Von: Onmeda-Redaktion
Letzte Aktualisierung: 20.01.2022 - 14:45 Uhr

Mit der Periduralanästhesie, kurz PDA, lässt sich vorübergehend der Schmerz in einer bestimmten Körperregion ausschalten. Der Patient bleibt dabei bei Bewusstsein, sofern die PDA nicht mit einer Allgemeinnarkose kombiniert wird. Die Periduralanästhesie eignet sich zum Beispiel für Eingriffe an den Beinen und im Beckenbereich oder um chronische Schmerzen zu lindern. Zudem kann eine PDA die normale Geburt erleichtern oder bei einem Kaiserschnitt zum Einsatz kommen.

Allgemeines

Die Periduralanästhesie ist eine Form der Regionalanästhesie und unterscheidet sich grundlegend von einer Allgemeinanästhesie, also Vollnarkose. Als Synonym wird auch der Begriff Epiduralanästhesie verwendet. Prinzip der PDA: Sie blockiert vor allem an den Wurzeln der sogenannten Spinalnerven die Weiterleitung von Signalen wie etwa dem Schmerzempfinden. Die Spinalnerven entspringen dem Rückenmark und liegen – geschützt durch die harte Rückenmarkhaut – in den Zwischenwirbellöchern. Der Arzt spritzt ein örtliches Betäubungsmittel (Lokalanästhetikum) in den sogenannten Periduralraum oder "Epiduralraum", der Teil des Wirbelkanals ist.
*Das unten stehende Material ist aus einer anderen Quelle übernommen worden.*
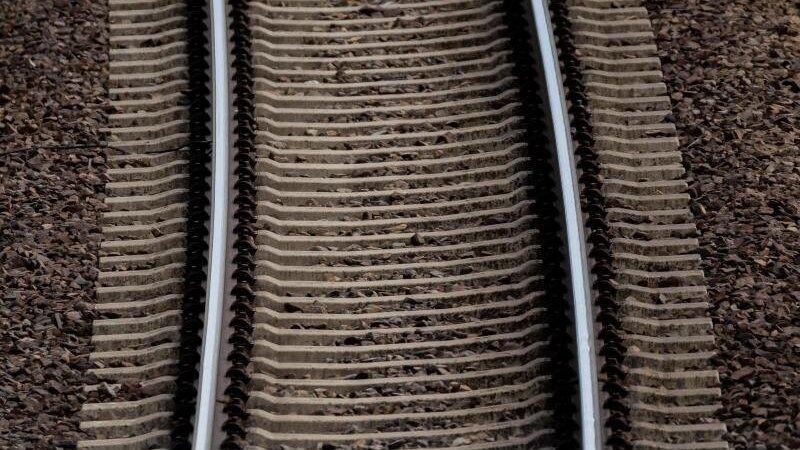 Auf der Strecke zwischen Landshut und Moosburg finden Bauarbeiten statt. (Symbolbild) Auf der Strecke zwischen Landshut und Moosburg finden Bauarbeiten statt. (Symbolbild)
Das Betäubungsmittel verteilt sich im Periduralraum und gelangt zu den Zwischenwirbellöchern. Um an die Wurzeln der Spinalnerven zu gelangen und dort wirken zu können, muss das Betäubungsmittel die bindegewebige Schicht der Rückenmarkhaut durchdringen. Das braucht eine gewisse Zeit: Eine Periduralanästhesie wirkt erst nach circa 20 bis 30 Minuten.

Mithilfe der PDA lassen sich an den Spinalnervenwurzeln je nach Medikament und Dosierung unterschiedliche Arten von Nervenfasern blockieren:

  • sympathische Fasern (Teil des vegetativen Nervensystems, unter anderem wichtig für den Blutdruck); nur oberhalb des 2. Lendenwirbelkörpers
  • sensorische Fasern (leiten Empfindungen wie Schmerzen weiter) und
  • motorische Fasern (ermöglichen Muskelbewegungen).
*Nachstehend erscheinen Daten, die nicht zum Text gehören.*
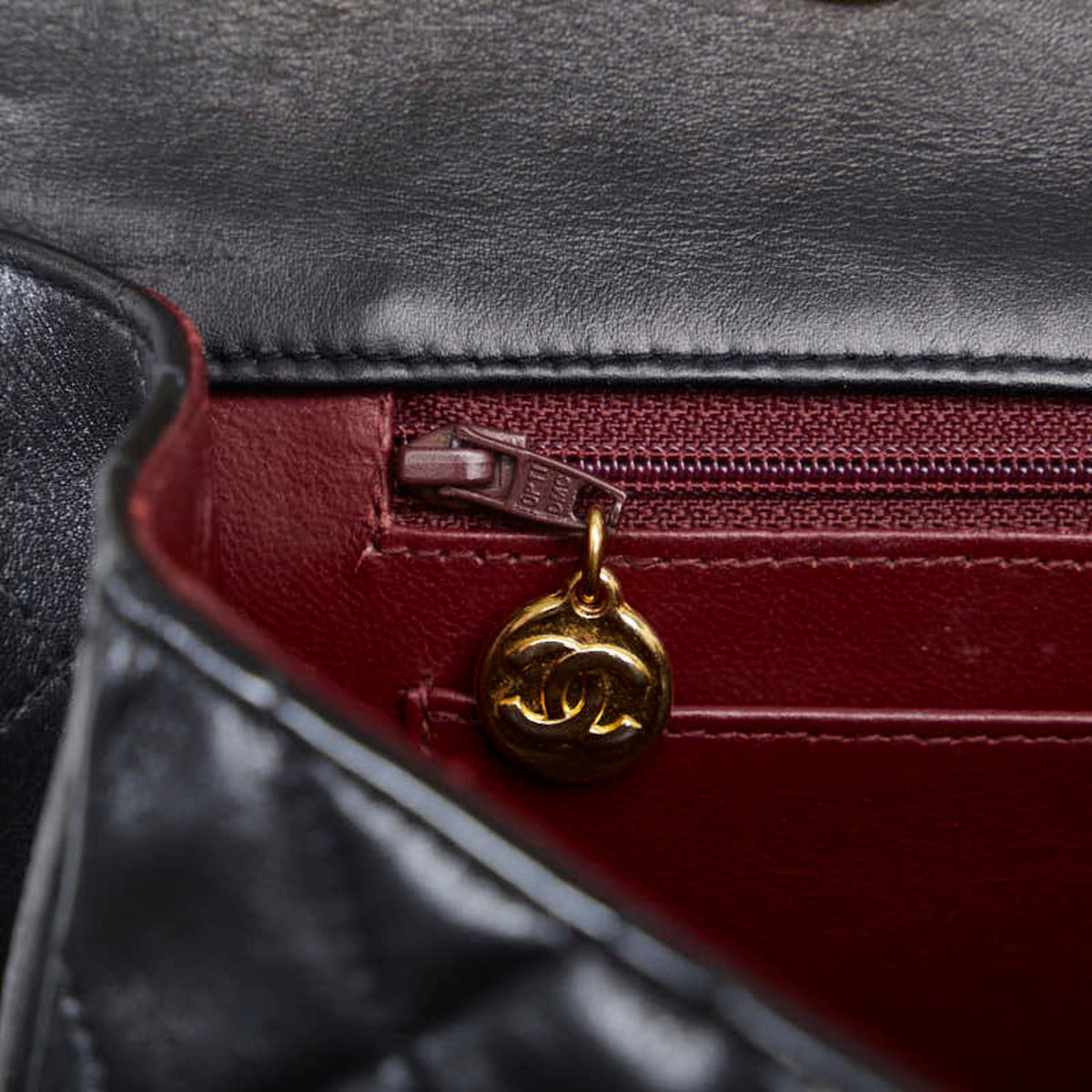 CHANEL Shopper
Der Periduralraum liegt zwischen den beiden Blättern der harten Rückenmarkshaut, lateinisch Dura mater spinalis. Die äußere Schicht dieser Haut entspricht der Wand des Wirbelkanals, die innere Schicht der Dura mater umhüllt das Rückenmark und die Wurzeln der Spinalnerven. Der Periduralraum liegt zwischen diesen beiden Blättern und enthält lockeres Bindegewebe, Fett und ein Venengeflecht.

Häufigste Form der Periduralanästhesie ist die sogenannte lumbale Periduralanästhesie. Dabei erfolgt die Punktion im Bereich der Lendenwirbelsäule zwischen zwei Lendenwirbelkörpern – meist zwischen dem 3. und 4. Lendenwirbelkörper (L3/L4). Führt der Arzt die Nadel unterhalb der Lendenwirbelsäule im Bereich des Kreuzbeins ein, spricht man von einer Kaudalanästhesie oder sakralen Periduralanästhesie. Dieses Verfahren wird häufiger bei Kindern angewendet. Auch im Bereich der Brustwirbelsäule lassen sich die Schmerzen mittels PDA ausschalten (thorakale PDA).
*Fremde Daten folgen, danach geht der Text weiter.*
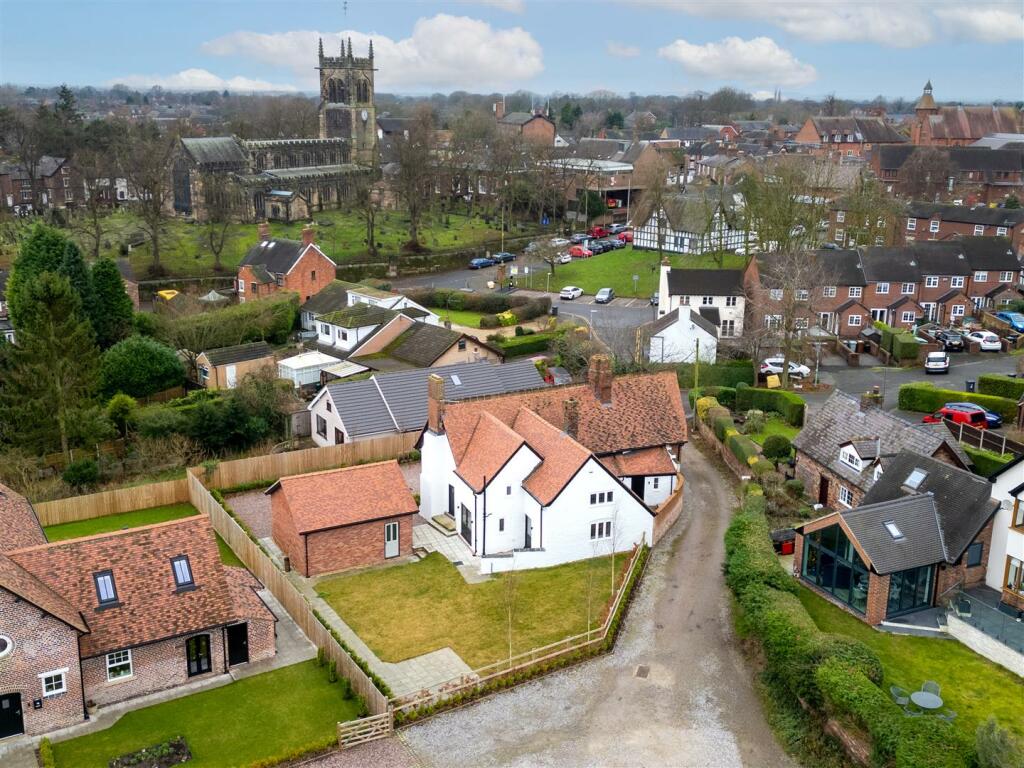 Additional property image - Dingle Farmhouse, Dingle Lane, Sandbach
Die Periduralanästhesie ähnelt der Spinalanästhesie. Bei ihr setzt die Wirkung allerdings schneller ein als bei der PDA: nämlich bereits nach etwa 5 bis 10 Minuten.

Durchführung

Bei der Periduralanästhesie (PDA) nutzt der Arzt entweder eine Kanüle oder, wie in den meisten Fällen, einen durch eine Kanüle geschobenen Katheter ("Katheterperiduralanästhesie"). Er kann die PDA am sitzenden oder auf der Seite liegenden Patienten vornehmen.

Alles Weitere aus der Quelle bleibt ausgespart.